For the evenings we are doing this event after Christmas (often it starts before Christmas) we use the matching day to describe the party being attended – both by us and all of the visitors passing through (which can be a couple of thousand or more per night) so, today, December 28, it would be a third night party. For evenings before Christmas we talk about the customs of Christmas, but since the family whose home we are in were Dutch and Sinter Klaus items are left out, we are visiting them as they wanted to share their customs of same with us.
The past several years the Village has been having a scavenger hunt (primarily for the children coming through, but adults welcome to try to find the items) in which each of the houses which are open for the event has something related to one of the 12 days of Christmas. Last year we had a square of fabric printed with the 7 geese. I had put it on the table with the Sinter Klaus related items next to me. I arranged the other items so the center of panel with the geese showed rather obviously (or so I thought) in the center of the items they would be shown when they came over. I would hear a family talking about it and call them over. Some times I would drop and pick up and drop again a number of times a plastic orange on the fabric or stand and basically point at it and they still could not find it! then I had several groups who came through who saw it, counted the swans and walk away upset as they apparently did not know the difference between swans and geese and there were too many geese for it to be part of the game!
Our unit “music master” (as his military title) studies period music. Originally the song was the 7 days of Christmas and all of the gifts were birds – if you check, all of the birds fall in the first 7 days of the song – the other days and the non- bird gifts were added some time after the original version – but long before the 1770s.
Robert and I heard a Christmas song from the period while at Colonial Williamsburg called “There was a pig went out to dig” and mentioned it to the music master and it is one of the most popular song he plays and the members sing. If anyone cares to hear it – a quick search online of the title brings up several versions.
Quick oops – forgot to mention -while today the 5 golden rings are thought of and portrayed as gold jewelry rings, they were originally intended to be 5 birds which were golden ring pheasants.
Yes, Mitch, I do remember Transcendental Meditation — or at least the mania for it — but I never really grokked on what it was all about. It really doesn’t matter to me what Brian was on about, with “an obvious Pink” and “J. R. ‘Bob’ Dobbs,” but just got my curiosity up.
Thank you, Meryl, for verifying that there is a tradition of starting the Twelve Days on December 26.
Twelfthnight (6th of January) was called that for a reason.
BTW, for Woozy or others who may want to research and suggest entries for the song, a reminder that we still need comics or images for Seven (swans, swimming) and Eight (maids, milking).

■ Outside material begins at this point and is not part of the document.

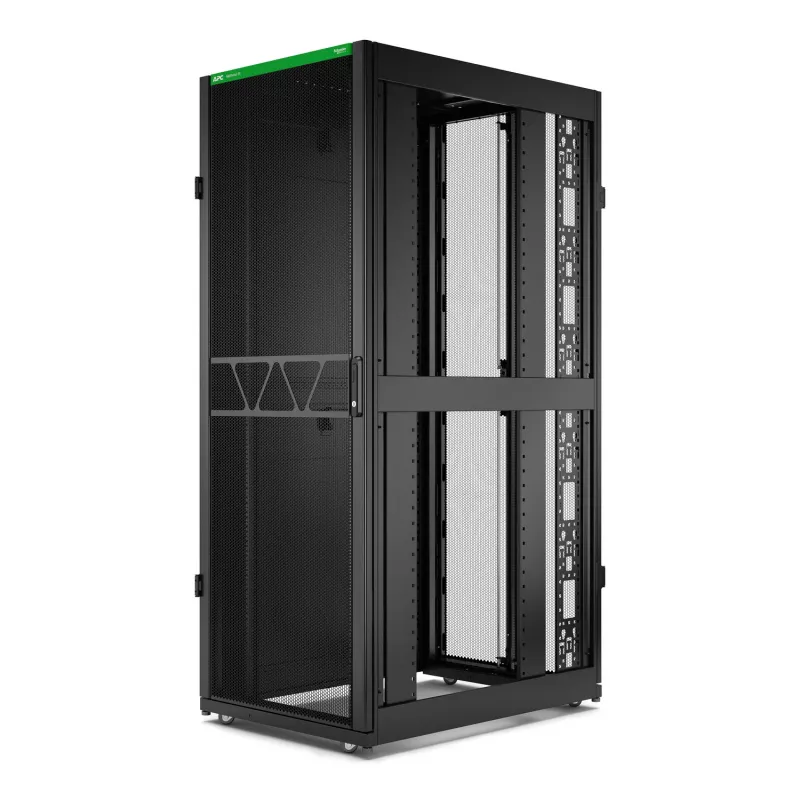 APC NetShelter SX Gen2 AR3150B2 - 42U, 1991h x 750w x 1070d mm, su šoninėmis plokštėmis, juoda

They are clearly tweeting birds!
Also, Brian, don’t take Boise Ed’s capital letters as raised voice, that’s just the way the timestamp appears on the page. I do hope the maintainers get their Xmas wish and we can have numbered comments in a thread again. That would allow identifying a particular comment you are replying to without extensive quoting or using the odd-looking timestamps.
For swans there’s this:
Although I don’t really get it.
There’s these https://www.thecomicstrips.com/subject/The-Swan-Comic-Strips.php which are all not quite but they are about swans.
And a google on “Swans Comic Strips” in google images (https://www.google.com/search?q=swans+comic+strips&client=firefox-b-1-d&sxsrf=ALeKk03uRRzhIDX2j7XannS4mJCgB2KkGg:1609228539300&source=lnms&tbm=isch&sa=X&ved=2ahUKEwj828m72_LtAhVBsp4KHR-MC5IQ_AUoAXoECAUQAw&biw=1366&bih=607) will come up with a lot of Superman Illustrations. Without googling, anyone want to guess why Superman showed up so much.
Geeze, Woozy, I don’t mean this to sound mean, but you might want to get some advice about how one of the ways “they” track you is by personalizing URLs. And then when you go to share a URL from a search or something like that, it’s a good idea, it’s good practice, to manually trim it down to the minimal valid part that will get your readers to the result.
In your case, nobody needs to use a URL that informs the site that the browser is Firefox, for example. I will test if it still works when trimmed down to
https://www.google.com/search?q=swans+comic+strips. Well not quite — I had to manually switch into Images in google. But do you see my point?Golly, all day long you can see people posting URLs with things like “source=email” and the name of a promotional campaign. Even an occasional account name! Clean it up, folks!
Woozy, thanks for the effort.
Although I don’t really get it.If you mean the first one, the one where the image did embed here, in the bottom panel the swans’s neck and body forms spell out a message: “Nobody [heart] you”. Maybe not what he (or we) was expecting from this pastoral scene!” Without googling, anyone want to guess why Superman showed up so much.”
I don’t need to google it, I said curtly.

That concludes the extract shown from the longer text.